» BRIEF
Lines from the start of the data through the line containing "Ceramic Ring with" must be given again exactly. Leave the others out.

» INPUT MATERIAL
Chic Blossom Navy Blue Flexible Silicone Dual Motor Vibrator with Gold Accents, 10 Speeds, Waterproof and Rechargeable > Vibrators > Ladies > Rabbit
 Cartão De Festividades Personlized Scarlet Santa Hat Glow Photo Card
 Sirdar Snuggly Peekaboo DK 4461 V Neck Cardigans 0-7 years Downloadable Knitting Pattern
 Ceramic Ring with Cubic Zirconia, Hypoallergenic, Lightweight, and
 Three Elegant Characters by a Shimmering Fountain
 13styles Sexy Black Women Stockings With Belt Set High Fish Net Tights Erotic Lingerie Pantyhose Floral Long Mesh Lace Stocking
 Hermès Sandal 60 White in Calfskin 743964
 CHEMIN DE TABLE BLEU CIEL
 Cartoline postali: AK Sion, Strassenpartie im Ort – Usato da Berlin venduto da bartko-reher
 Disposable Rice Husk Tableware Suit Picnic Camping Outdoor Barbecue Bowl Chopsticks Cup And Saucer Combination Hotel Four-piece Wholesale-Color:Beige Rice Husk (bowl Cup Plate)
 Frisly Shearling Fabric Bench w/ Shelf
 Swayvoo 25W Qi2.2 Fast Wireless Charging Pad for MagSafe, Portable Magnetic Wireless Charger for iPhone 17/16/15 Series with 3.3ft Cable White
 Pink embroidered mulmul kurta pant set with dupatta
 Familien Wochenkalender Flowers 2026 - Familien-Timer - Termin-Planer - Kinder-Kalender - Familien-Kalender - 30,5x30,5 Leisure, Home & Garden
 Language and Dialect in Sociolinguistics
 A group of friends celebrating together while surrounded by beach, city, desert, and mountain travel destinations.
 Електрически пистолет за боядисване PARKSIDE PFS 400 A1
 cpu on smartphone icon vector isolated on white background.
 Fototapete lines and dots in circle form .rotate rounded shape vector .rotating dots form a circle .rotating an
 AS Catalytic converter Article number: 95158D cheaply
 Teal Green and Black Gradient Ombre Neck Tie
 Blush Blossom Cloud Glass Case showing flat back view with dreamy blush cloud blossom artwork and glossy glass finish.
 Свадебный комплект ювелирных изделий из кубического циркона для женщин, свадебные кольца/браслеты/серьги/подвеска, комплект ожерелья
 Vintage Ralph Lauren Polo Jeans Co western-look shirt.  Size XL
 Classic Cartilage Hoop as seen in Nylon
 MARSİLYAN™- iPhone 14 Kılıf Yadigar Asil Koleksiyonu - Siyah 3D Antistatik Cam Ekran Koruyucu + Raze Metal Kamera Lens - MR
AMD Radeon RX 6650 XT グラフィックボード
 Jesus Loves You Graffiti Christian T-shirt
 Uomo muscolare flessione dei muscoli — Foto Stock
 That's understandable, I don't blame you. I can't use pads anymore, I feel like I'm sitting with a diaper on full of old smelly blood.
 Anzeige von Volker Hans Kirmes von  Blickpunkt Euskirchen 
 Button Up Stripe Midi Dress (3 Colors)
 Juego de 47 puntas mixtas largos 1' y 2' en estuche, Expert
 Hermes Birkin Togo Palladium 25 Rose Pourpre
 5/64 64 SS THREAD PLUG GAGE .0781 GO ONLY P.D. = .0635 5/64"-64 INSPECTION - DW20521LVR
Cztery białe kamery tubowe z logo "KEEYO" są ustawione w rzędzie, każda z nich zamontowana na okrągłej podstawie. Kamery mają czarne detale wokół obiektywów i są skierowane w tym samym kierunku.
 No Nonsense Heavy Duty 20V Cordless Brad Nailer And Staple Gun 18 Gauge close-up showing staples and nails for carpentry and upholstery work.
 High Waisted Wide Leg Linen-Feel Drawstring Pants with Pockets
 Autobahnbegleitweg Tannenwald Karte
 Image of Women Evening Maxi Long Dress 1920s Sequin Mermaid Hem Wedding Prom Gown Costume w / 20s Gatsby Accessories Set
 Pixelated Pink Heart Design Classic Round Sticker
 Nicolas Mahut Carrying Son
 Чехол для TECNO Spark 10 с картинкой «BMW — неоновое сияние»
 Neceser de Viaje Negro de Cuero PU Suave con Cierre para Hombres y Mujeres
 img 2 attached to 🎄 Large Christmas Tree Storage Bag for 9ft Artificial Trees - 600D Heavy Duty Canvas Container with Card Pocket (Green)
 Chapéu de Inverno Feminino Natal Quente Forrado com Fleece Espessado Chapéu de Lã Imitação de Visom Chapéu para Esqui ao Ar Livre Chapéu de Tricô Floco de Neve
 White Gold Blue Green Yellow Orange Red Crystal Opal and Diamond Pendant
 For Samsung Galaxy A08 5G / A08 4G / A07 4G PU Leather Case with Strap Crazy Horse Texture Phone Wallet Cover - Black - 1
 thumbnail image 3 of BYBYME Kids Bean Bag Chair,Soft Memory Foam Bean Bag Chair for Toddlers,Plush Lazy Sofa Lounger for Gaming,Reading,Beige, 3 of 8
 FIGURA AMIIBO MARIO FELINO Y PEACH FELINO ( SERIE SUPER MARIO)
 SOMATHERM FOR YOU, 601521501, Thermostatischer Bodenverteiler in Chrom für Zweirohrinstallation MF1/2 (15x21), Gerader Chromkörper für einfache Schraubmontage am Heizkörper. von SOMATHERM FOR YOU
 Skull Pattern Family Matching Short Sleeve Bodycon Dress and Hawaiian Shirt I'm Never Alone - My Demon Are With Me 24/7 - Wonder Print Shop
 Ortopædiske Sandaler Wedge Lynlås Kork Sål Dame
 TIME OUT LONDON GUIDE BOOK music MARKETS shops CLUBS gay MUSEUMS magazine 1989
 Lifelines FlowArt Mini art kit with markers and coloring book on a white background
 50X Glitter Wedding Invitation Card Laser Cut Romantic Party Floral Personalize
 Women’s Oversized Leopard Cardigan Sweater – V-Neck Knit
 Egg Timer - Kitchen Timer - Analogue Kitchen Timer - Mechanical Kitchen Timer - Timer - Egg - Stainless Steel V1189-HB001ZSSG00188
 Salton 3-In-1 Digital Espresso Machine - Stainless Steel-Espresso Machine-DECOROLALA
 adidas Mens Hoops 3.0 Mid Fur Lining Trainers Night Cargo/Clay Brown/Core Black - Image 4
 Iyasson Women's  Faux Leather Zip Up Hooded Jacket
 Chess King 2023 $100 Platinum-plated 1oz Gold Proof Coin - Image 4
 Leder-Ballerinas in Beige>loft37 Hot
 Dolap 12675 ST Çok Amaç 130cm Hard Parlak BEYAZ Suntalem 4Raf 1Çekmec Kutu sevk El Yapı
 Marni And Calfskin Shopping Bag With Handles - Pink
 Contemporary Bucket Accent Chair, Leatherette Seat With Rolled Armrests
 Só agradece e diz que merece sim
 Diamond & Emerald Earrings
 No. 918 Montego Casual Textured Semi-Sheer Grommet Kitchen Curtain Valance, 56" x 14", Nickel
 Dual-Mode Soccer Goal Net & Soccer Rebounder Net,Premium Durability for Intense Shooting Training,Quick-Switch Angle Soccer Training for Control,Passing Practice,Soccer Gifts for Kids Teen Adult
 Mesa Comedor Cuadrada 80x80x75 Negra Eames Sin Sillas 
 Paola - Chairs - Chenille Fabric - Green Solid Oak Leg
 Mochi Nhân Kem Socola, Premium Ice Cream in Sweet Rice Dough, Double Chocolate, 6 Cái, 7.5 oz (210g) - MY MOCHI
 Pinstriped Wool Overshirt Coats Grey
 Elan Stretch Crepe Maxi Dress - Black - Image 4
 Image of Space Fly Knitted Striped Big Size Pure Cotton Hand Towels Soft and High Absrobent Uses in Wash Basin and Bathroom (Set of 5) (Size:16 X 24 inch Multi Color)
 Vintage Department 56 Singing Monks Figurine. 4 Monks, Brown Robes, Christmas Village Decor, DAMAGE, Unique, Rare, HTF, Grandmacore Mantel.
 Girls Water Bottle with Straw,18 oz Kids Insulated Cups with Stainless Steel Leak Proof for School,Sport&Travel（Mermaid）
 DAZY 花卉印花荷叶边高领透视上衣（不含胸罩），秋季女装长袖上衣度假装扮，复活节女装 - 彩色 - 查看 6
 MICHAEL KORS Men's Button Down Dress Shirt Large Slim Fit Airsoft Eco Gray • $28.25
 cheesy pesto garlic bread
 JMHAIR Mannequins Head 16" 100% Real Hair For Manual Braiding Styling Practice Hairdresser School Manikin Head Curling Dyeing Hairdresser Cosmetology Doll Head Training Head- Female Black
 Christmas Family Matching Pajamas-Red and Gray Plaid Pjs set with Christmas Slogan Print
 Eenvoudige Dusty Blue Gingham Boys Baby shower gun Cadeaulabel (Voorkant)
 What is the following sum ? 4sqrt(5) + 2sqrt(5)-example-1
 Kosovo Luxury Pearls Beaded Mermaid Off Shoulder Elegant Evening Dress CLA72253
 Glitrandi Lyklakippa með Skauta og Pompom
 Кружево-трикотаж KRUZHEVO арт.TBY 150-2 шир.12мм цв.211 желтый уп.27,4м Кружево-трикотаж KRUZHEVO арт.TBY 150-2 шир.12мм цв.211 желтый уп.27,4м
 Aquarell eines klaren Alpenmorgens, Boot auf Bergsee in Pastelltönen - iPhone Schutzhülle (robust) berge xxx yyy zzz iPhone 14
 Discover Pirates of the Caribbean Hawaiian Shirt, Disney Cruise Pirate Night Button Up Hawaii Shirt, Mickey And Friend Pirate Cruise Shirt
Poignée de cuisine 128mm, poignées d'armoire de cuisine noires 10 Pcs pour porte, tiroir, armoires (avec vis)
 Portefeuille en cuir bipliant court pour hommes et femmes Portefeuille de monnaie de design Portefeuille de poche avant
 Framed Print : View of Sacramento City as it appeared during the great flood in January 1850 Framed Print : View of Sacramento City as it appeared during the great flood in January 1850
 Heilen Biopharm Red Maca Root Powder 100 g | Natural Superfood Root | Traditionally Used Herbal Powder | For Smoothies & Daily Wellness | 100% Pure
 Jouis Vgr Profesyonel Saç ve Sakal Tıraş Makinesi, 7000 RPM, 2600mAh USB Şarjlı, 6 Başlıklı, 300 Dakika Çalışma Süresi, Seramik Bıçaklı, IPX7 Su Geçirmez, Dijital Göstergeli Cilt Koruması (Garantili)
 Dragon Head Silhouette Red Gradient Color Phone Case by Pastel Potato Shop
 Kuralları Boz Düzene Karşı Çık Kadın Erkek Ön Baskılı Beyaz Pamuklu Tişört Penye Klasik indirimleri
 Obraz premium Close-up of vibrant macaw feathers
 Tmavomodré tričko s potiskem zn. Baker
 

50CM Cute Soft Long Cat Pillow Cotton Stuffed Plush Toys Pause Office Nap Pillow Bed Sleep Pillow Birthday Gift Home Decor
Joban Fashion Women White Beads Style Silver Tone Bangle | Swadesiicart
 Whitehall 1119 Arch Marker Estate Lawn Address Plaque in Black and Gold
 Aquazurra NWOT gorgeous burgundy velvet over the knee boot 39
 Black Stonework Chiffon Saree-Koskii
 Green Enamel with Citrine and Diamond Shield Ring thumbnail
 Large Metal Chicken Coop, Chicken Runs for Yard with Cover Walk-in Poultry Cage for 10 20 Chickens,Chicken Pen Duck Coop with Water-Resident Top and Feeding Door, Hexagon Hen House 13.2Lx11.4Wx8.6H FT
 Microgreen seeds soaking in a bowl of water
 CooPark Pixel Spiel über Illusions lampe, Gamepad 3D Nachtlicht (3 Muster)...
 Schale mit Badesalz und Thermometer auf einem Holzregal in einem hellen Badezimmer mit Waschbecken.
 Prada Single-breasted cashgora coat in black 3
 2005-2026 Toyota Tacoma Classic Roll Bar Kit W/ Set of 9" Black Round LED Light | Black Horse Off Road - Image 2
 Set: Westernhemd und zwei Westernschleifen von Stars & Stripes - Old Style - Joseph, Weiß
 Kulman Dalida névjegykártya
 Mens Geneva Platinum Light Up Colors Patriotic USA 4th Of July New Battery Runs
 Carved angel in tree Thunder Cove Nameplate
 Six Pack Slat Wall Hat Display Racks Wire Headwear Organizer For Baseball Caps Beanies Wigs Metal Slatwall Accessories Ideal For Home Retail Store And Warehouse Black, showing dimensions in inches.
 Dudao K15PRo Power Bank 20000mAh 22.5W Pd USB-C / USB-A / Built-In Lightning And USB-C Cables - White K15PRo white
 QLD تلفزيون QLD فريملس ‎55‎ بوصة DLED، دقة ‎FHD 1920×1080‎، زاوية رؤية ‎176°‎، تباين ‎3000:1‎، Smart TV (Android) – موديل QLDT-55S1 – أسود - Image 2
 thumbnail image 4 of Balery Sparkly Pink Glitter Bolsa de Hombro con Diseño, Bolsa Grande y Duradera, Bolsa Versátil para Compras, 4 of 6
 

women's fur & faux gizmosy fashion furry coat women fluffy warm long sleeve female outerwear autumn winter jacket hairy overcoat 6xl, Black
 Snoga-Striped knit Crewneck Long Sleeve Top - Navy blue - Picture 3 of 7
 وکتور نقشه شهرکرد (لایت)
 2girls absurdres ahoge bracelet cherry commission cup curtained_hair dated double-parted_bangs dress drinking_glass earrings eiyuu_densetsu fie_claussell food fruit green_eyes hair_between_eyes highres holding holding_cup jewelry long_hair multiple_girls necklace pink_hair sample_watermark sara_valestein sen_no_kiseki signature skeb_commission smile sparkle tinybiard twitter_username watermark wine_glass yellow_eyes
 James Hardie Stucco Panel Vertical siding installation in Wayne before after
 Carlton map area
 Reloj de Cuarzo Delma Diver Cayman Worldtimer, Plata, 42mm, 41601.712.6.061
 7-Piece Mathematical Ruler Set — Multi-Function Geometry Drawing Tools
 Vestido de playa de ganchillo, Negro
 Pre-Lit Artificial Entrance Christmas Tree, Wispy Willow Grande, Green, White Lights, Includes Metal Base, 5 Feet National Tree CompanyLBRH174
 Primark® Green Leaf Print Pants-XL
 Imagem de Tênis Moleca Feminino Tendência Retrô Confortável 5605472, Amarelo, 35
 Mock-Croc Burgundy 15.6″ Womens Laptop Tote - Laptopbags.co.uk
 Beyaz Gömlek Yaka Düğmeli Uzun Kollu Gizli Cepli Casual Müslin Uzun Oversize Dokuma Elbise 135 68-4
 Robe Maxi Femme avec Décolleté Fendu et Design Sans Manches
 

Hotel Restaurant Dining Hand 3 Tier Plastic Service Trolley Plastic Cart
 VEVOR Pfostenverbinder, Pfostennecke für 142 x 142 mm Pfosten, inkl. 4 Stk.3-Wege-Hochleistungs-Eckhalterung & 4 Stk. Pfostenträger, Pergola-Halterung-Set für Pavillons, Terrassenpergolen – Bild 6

» SOLVED PROBLEM
Chic Blossom Navy Blue Flexible Silicone Dual Motor Vibrator with Gold Accents, 10 Speeds, Waterproof and Rechargeable > Vibrators > Ladies > Rabbit
 Cartão De Festividades Personlized Scarlet Santa Hat Glow Photo Card
 Sirdar Snuggly Peekaboo DK 4461 V Neck Cardigans 0-7 years Downloadable Knitting Pattern
 Ceramic Ring with Cubic Zirconia, Hypoallergenic, Lightweight, and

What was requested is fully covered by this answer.